All'attenzione di queste dinastie - oltre all'uscita dei Benetton - ci saranno anche le richieste di Delfin sullo Statuto. La holding propone l'eliminazione della previsione statutaria secondo cui due amministratori (qualora il numero di consiglieri sia pari o inferiore a tredici) o tre amministratori (qualora il numero dei consiglieri sia superiore a tredici, come nel caso del consiglio in carica costituito da quindici gli amministratori), devono essere scelti tra i dipendenti che da almeno tre anni siano dirigenti di società appartenenti al Gruppo Mediobanca. La seconda proposta è la modifica del sistema di nomina degli amministratori al fine di aumentare la rappresentanza delle minoranze nel consiglio, dagli attuali due a tre o quattro amministratori, a seconda di quante liste di minoranza siano presentate, e permettere che più liste di minoranza possano concorrere alla nomina degli amministratori di minoranza, in ragione dei voti espressi dagli azionisti.

Due richieste di integrazione tutto sommato ragionevoli. La prima norma risaliva infatti alla fusione tra Unicredit e Capitalia per rispondere alle regole Antitrust e garantire l'indipendenza del management Mediobanca. Inizialmente l'indicazione era molto più rigida: i manager dovevano essere 5 in Cda e l'a.d. doveva essere scelto tra questi 5 manager. Successivamente era stata ammorbidita: i manager erano passati da 5 a 3 ed era stata eliminata la prescrizione relativa all'a.d. In questo caso la richiesta di Delfin è quindi coerente e in linea con il lavoro di normalizzazione in corso.

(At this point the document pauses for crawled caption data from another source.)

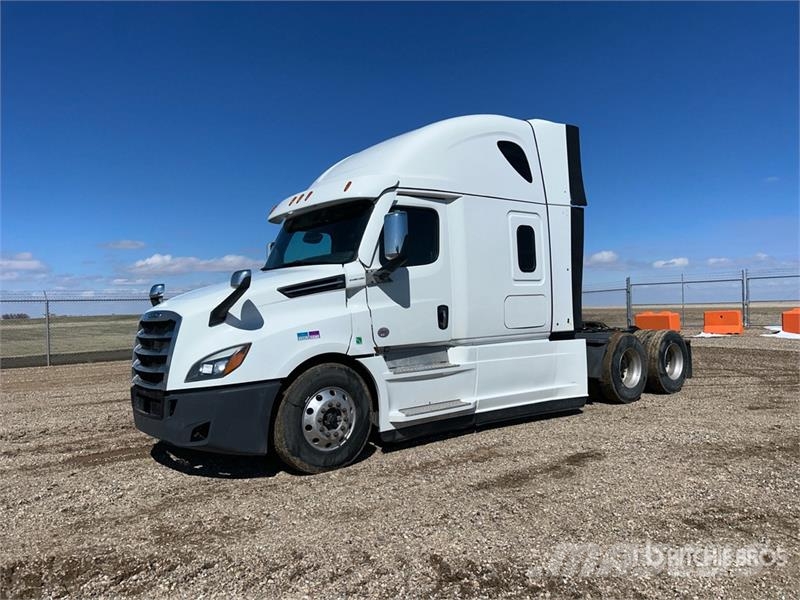 Freightliner Cascadia 6x4 T/A Sleeper Truck Tractor Vilcēji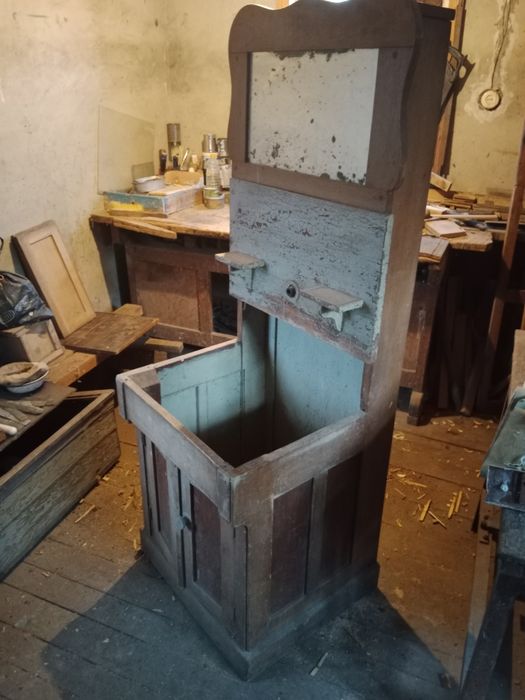Продам антикварную тумбу-умывальник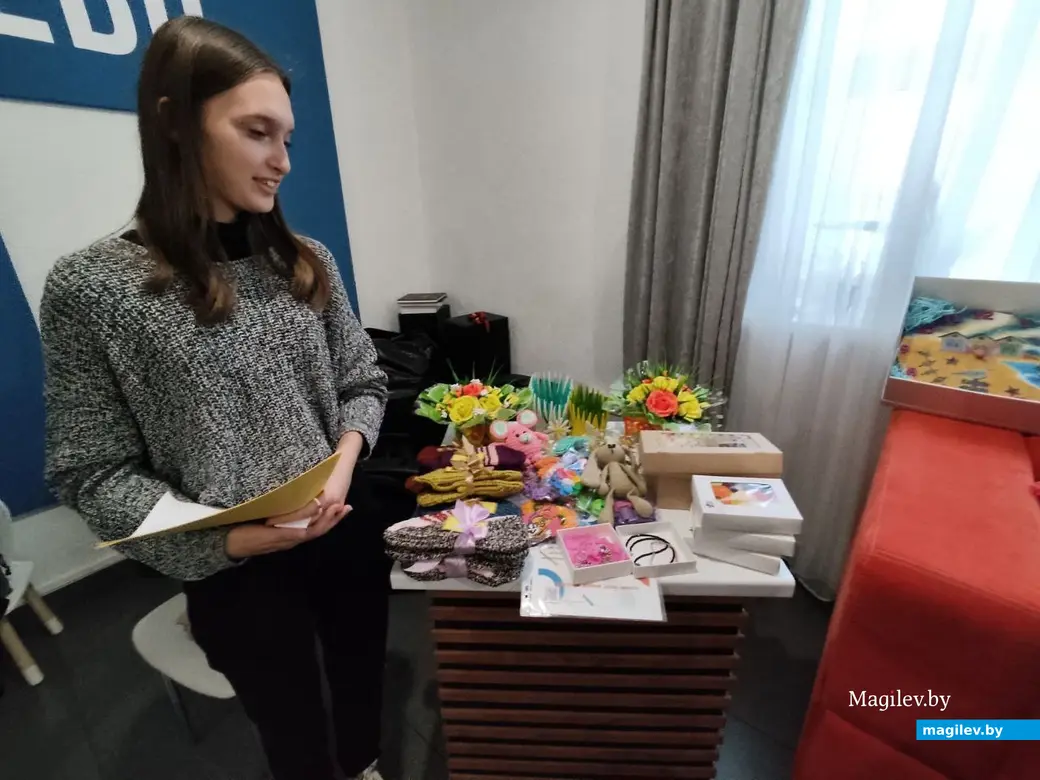 Анастасия Кирбаль учащаяся социльно-гуманитарного колледжа. В качестве волонтера работает на ярмарке-продаже изделий мам из родительского сообщества «Новые горизонты».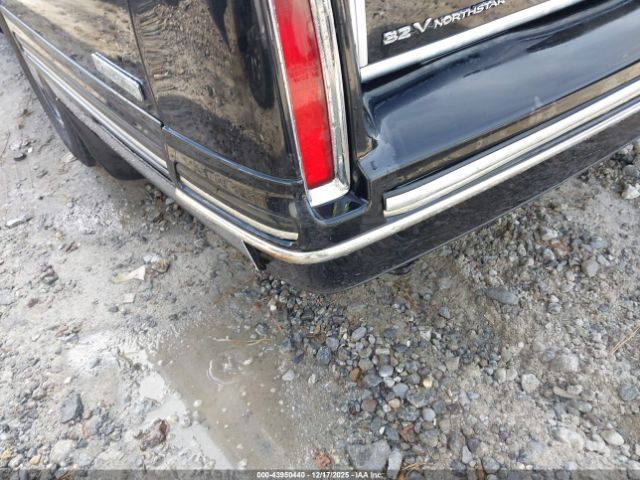 Cadillac DeVille Concours Image 14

La seconda richiesta prevede di aumentare il numero di posti alle minoranze: da 2 a 3 o 4. Delfin di fatto propone che venga presentata anche una terza lista con meccanismi di quozienti proporzionali. Non ci sarebbe da parte di Mediobanca una chiusura a priori su questo punto. Il Cda si riunirà prossima settimana per esaminare se l'ipotesi possa incontrare o meno il favore del mercato. Paradossalmente, infatti, ciò potrebbe comportare una diminuzione della rappresentanza dei fondi in assemblea. Se Assogestioni arrivasse terza prenderebbe un solo rappresentante e dimezzerebbe la sua rappresentanza. In astratto può essere una norma positiva (come è già per Generali) ma occorre capire che risultati darà applicata al caso concreto.

Il fatto poi che Del Vecchio abbia messo nero su bianco di non avere intenzione di chiedere la revoca dell'attuale Cda dell'istituto di Piazzetta Cuccia e che fino alla scadenza non ci sarà nessun cambiamento ha gettato acqua sul fuoco. La mossa - nel suo complesso - è stata letta come un avviso, forse, ma anche come una richiesta che non modifica gli equilibri in vista dell'assemblea di Generali Ass. Un'azione, insomma, in linea con il profilo di investitore finanziario autorizzato dalla Bce.